Sin ti no “Hai ti”


La vida es una tragedia para los que sienten, y una comedia para los que piensan.
Jean de la Bruyere

Intento asimilar la hecatombe dentro de mí y el yo que percibe las emociones me dice que está a punto de rebosar, que no entra una sola imagen que refleje angustia o padecimiento en mi cerebro. Observo detenidamente las acciones y reacciones de la opinión pública sobre el terremoto que ha asolado Haití.
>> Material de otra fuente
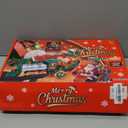 Hanging Christmas Train Set, Under The Christmas Tree Train Toy Set, Train for Christmas Tree with Real Smoke/Classic Music/Lights, Best Indoor Christmas Train Decor for Families with 2 Ways to Play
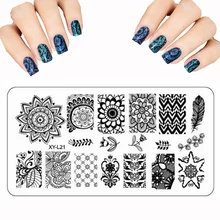 Много stamp польский Кружева Цветов Nail Art Шаблоны Изображение Высокого Качества Пластины Из Нержавеющей Стали Изображения DIY Ногтей Штамповки Пластины Красоты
Y cuanto más dolor retengo, más me dice mi raciocinio que el mundo está mal hecho, que casi nada funciona bien. ¿Cómo se puede aguantar tanto sufrimiento? ¿Cómo es posible que estemos inmunizados a las imágenes que recibimos a través de la caja tonta o la pantalla del ordenador? ¿Cómo podemos obviar que antes de la catástrofe los que han sobrevivido ya eran muertos en vida y tampoco hicimos nada por ellos? ¿Cómo podemos seguir con nuestras rutinas y olvidar en unos días lo que ha pasado? ¿Basta con una simple aportación dineraria en una cuenta bancaria para purgar nuestras conciencias? ¿Es suficiente el propósito de no olvidar lo sucedido para reconfortarnos, para seguir viviendo en paz?

Un conocido me dijo una vez que hasta para morirse hay días buenos y días malos. Y con las catástrofes, ya sean atentados, ya sean producidas por la Naturaleza, creo que también. Son diferentes a nuestro sentir según el lugar en el que ocurran.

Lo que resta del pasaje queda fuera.